Senators Hoylman-Sigal & Krueger and AM Tony Simone's Testimony on Madison Square Garden's Special Permit

Testimony of New York State Senators Liz Krueger and Brad Hoylman-Sigal & Assembly Member Tony Simone Before the New York City Planning Commission on the Madison Square Garden Arena Special Permit

Thank you for the opportunity to comment on Madison Square Garden’s (MSG) application for a Special Permit to allow it to continue operating in its current location.

As members of the State Senate and Assembly whose districts overlap with the Penn District, we urge New York City to reject MSG’s renewal application. On June 2, 2023 the leadership of Amtrak, the Metropolitan Transit Authority (MTA) and New Jersey Transit concluded that the venue is incompatible with Penn Station. The Compatibility Report issued by the transit agencies states that “MSG’s existing configuration and property boundaries impose severe constraints on the station that impede the safe and efficient movement of passengers and restrict efforts to implement improvements.” However, if New York City ultimately decides to issue a renewal of the Special Permit, it must be for a maximum of three years and be contingent on MSG making all the concessions deemed necessary by the MTA and the Department of City Planning to make the arena fully compatible with the planned redesign of Penn Station.

Penn Station is the heart of New York City’s transportation system, and the busiest rail hub in the Western Hemisphere. Sitting at the key point of the Northeast Corridor, and serving New York City Transit, Amtrak, Long Island Railroad, and New Jersey Transit, it is the point of arrival and departure for more than 650,000 people every day. Its importance to the economic and social fabric of our city, state, and country is incalculable.

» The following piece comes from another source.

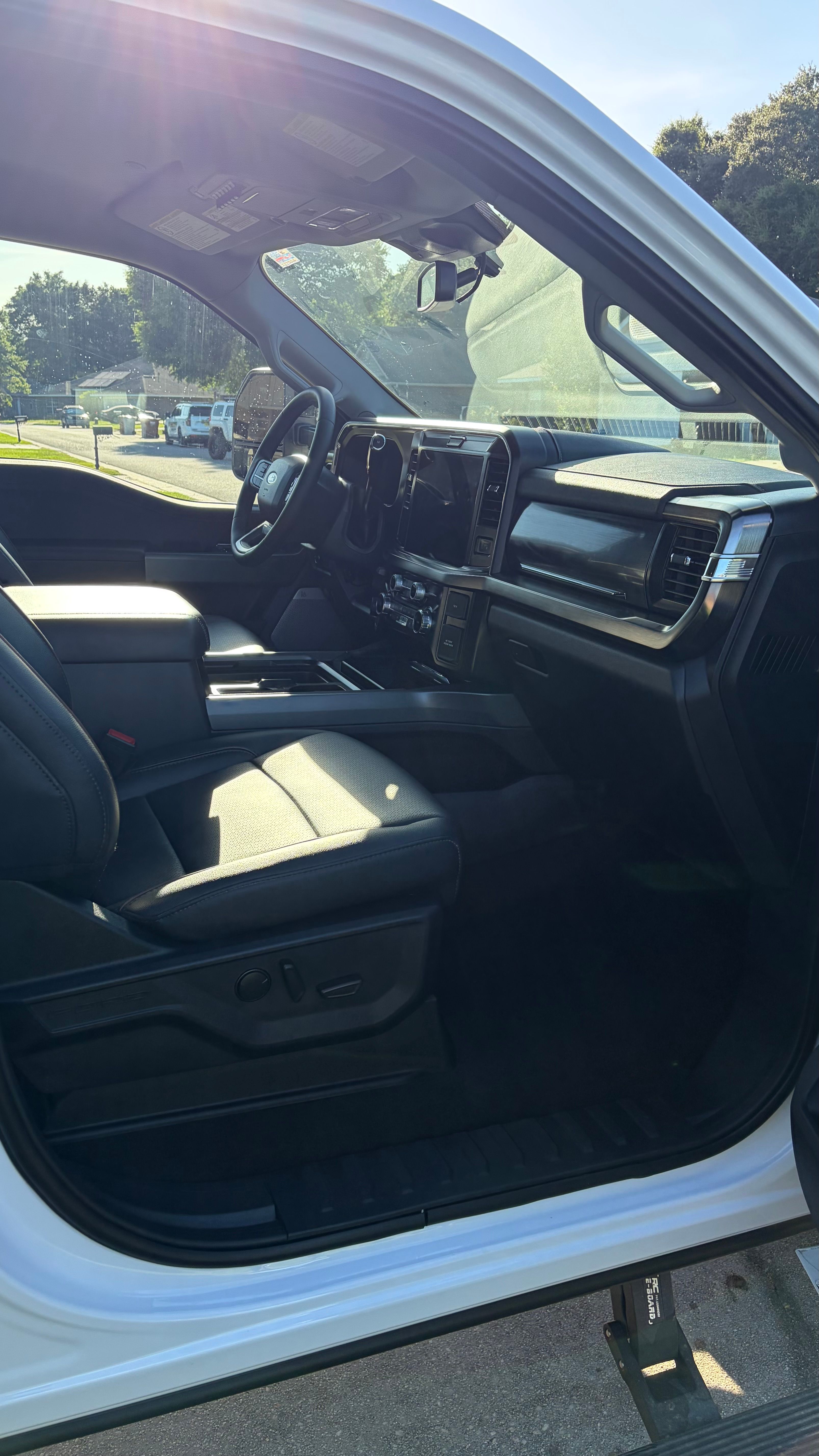 Used 2026 Ford F250 Lariat w/ FX4 Off-Road Package AWD/4WD image 11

For too long, Penn Station has played second fiddle to MSG’s operations as an entertainment facility. The current arena was first constructed in 1968 at the cost of much of Penn Station’s functionality. This involved the complete demolition of the original above-ground Pennsylvania Station and the major redesign of the station’s

below-ground elements, including the placement of support columns which affect the ability of passengers to wait safely and comfortably on train platforms. In addition to impeding the functionality of Penn Station, Madison Square Garden pays no property taxes. This tax break, which was first awarded in 1982, is valued at about $42 million per year.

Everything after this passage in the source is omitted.